Students are involved in a laundry list of organizations. Sometimes they overlap in interest, and other times they are as diverse as the campus community itself. But what makes me scratch my head is this question: do students really have an invested interest in the organizations in which they hold leadership positions, or do they simply claim leadership in multiple organizations for their own self-interest?

The events that student organizations plan often overlap with other organizations’ plans. In my experience, however, I have noticed that the student leaders of similar organizations are hesitant to collaborate on events with each other. Instead, it seems that students prefer to work in a fragmented model — one where each organization works alone. But in reality, some organizations with overlapping interests would produce better events if they decided to work together instead of as separate entities.

I am again left to wonder why this is so. Perhaps it is because the culture at the University is one in which students are self-absorbed and more interested in the “I” instead of the “we.” If collaboration could further advance an organization’s mission to, for example, provide mentorship to inner-city youth, then it’s not apparent why collaboration is often replaced by multiple student organizations with parallel agendas but fragmented activities.

My question about the lack of cooperation isn’t condemnation — it’s curiosity. I wonder why collaboration is so rarely pursued on campus. And I can’t help but ask if student leaders’ self-interest is the cause. If student organizations with similar interests were suddenly a singular organization, the student leaders that run these organizations would no longer be able to have résumé-building leadership titles, which wouldn’t be as helpful to their future prospects. But I would hate to think that students have leadership titles in one or multiple organizations simply so they can impress prospective employers and graduate program admissions officials. This helps explain why student organizations don’t collaborate to a greater extent. Holding separate events may not always be the best way for groups to advance their causes, but it does allow leaders to say that they organized the events themselves.

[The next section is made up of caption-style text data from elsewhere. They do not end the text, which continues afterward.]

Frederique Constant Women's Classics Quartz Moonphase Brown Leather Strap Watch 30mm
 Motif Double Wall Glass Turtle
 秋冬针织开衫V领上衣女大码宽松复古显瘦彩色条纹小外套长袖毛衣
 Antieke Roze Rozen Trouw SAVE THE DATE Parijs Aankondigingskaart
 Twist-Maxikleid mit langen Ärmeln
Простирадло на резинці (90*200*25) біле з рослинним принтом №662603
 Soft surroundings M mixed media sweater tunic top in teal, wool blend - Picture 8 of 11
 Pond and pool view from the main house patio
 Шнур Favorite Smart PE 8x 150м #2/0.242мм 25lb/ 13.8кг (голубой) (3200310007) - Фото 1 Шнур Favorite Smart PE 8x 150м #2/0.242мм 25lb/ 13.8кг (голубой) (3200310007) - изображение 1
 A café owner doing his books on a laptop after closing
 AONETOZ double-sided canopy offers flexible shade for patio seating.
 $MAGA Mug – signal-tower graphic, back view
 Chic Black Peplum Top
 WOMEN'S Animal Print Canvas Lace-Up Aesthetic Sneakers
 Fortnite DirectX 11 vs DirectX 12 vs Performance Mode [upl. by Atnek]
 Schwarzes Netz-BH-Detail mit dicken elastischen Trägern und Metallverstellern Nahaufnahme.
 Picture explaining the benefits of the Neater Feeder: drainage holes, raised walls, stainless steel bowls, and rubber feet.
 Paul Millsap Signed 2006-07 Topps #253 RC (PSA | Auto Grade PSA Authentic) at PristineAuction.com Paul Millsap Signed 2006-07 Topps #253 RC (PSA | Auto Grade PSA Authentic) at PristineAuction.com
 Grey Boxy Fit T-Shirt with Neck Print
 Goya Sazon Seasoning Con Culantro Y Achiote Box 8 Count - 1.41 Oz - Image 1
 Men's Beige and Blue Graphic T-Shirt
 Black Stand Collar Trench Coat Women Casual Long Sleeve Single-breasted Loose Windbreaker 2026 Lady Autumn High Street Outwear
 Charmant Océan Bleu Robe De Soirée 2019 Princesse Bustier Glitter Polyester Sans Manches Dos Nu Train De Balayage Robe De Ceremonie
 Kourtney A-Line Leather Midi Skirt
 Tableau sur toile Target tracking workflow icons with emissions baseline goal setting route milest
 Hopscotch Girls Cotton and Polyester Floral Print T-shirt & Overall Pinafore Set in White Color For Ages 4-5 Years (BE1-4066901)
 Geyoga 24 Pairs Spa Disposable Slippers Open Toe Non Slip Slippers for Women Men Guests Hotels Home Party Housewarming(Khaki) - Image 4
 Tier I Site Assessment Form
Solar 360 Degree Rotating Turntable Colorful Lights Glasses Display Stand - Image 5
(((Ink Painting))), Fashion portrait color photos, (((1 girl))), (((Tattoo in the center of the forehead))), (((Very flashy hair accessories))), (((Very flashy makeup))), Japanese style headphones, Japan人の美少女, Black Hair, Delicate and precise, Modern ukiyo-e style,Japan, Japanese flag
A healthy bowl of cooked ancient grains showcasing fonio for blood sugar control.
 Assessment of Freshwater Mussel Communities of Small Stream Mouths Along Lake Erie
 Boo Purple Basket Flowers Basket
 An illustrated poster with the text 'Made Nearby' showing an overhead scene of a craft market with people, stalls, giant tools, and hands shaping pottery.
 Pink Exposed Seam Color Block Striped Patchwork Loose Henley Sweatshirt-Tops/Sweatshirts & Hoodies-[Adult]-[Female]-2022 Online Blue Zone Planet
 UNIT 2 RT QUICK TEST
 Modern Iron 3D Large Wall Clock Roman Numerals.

The optimistic part of me would like to think that the culture of this university is one that defines leadership as independent and that student organizations prefer to advance causes in their own independent fashion. However, I admit that when I see students who don’t seem to have a fire in their belly for the interests that their organization serves, I can only assume the title that they hold is held for personal interests and not the community’s interests.

Sadly, it seems that some student organizations have been reduced by their leaders to résumé builders. The interests many student organizations serve might be better furthered by cooperative efforts between similar groups. Consolidation is perhaps too much to hope for, but greater collaboration between student leaders is a very real possibility if leaders can set aside their egos — and their résumés — and work together to produce greater results. It’s not always necessary for organizations to hold their own independent events, and leaders should consider if their organizations could better further their cause by partnering with others in the community.